Monday, October 6, 2008

Taste of Bethesda

In a rare Search for J Street sojourn outside of the District, I went to the Taste of Bethesda last weekend. For a gal who turns her nose at most reasons to venture into the suburbs, I was overwhelmingly impressed with Bethesda's food festival.

$20 bought me 16 tickets, which at first didn't seem like nearly enough as there were over 50 stands stretched across 4 blocks from which to choose. The choices seemed completely overwhelming at first. After some serious studying of the guide, I was able to eliminate about 10 or so options because they were chains, and I wasn't about to go all the way out to Bethesda to try something I could get in the District. Fortunately, I also had a Bethesda native to help guide me through the remaining 40 some choices. So in the end, I think I got some of the best of what the Taste of Bethesda had to offer.
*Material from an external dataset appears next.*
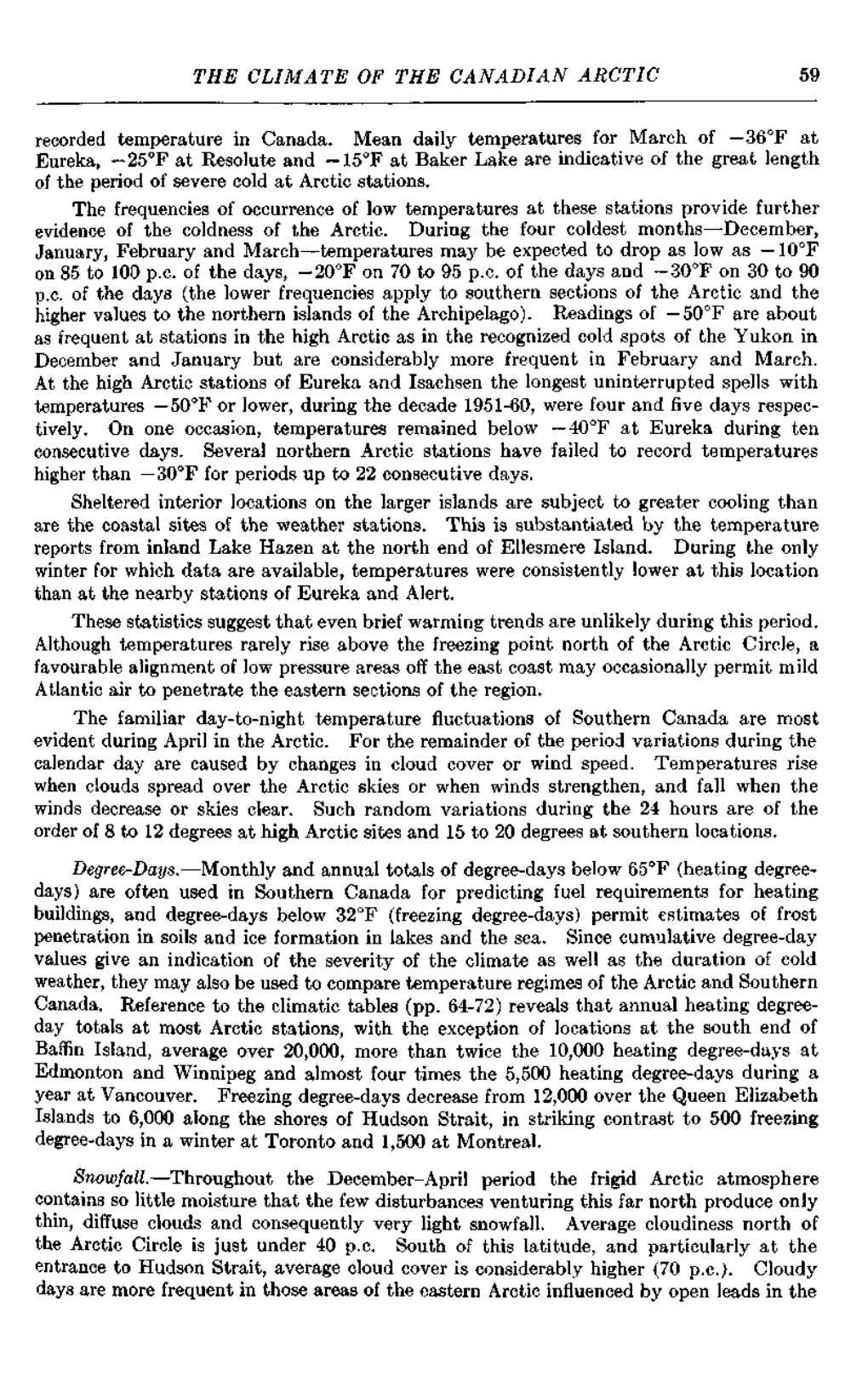 THE CLIMATE of the CANADIAN ARCTIC 59 Recorded Temperature in Canada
I started off with some veal ravioli from Bice Ristorante (which I guess is technically a chain, but since the only one in the area is in Bethesda, it seemed worth my ticket). The veal was shredded, as opposed to mashed into a paste like the veal rav at Tosca, and I think I liked the texture better. It just seemed more meaty. Plus the flavor of the veal was great and made up for the average cream sause topping it.

Then we moved onto Divino Lounge. They were grilling a massive amount of meat and making little steak and sausage sandwiches, which were sooooo good. The bread was cheap and too thick, but we threw that away after a few bites and just ate the insides. I got the sausage (perfect spiciness) and tried my friend's steak (amazingly tender). I'm not even sure if they serve this at their restaurant normally, but I was impressed enough that I'd be willing to try the rest of their menu in hopes that it is as good as these tastes.

Around the corner, we found a place called Visions that was serving a chicken mac and cheese. As juvenile and not epicurian as it makes me seem, I freakin' love mac and cheese in pretty much all it's forms and am becoming quite the expert on the best of the cheesy noodle offerings in the city. So of course when I saw Vision's chicken mac and cheese, I had to try it. It was pretty good. Good baked crusty topping, chickeny texture. Good creaminess. But definitely lacking a little in the cheesiness department. I'm undecided if the restaurant is worth trying overall after my moderately satisfying experience. Has anyone else been and have any opinions?

My friend then pointed out La Miche, which is apparently a schmancy French joint out there. They were serving up escargot. So I jumped in line immediately. The escargot was the perfect garlicy, buttery deliciousness I was hoping it would be. I didn't try their crab cake option, but it also looked great. Plus their regular dinner menu looks phenomenal. (Baked mussels... mmmm...) I've made a mental note to actually get out of the District again to try this place.

The final dish I got was a chicken korma from Passage to India. I was holding out room for Passage of India during the whole festival because it was the one restaurant I knew about beforehand and I had always heard really positive things. Their chicken dish did not disappoint. The salad and rice were just bland fillers to round out the plate, but the chicken was so tender and flavorful that the sides didn't matter. This was another winner that would definitely motivate me to get out to Bethesda again.

We had a few tickets left which got us some sugar cookies decorated by forced child labor to round out the meal (they taste so much better when tiny fingers are forced to decorate them), and then I slipped into a utterly satisfied food coma for awhile. I suppose the lesson of the day was that I should have a more open mind about what the suburbs have to offer, seeing as the Taste of Bethesda may have actually been better than the Penn Quarter festival. We'll see if that lesson sticks in the long run, but for at least the immediate future I'll try to be more open to the stuff these suburbs kids are always raving about.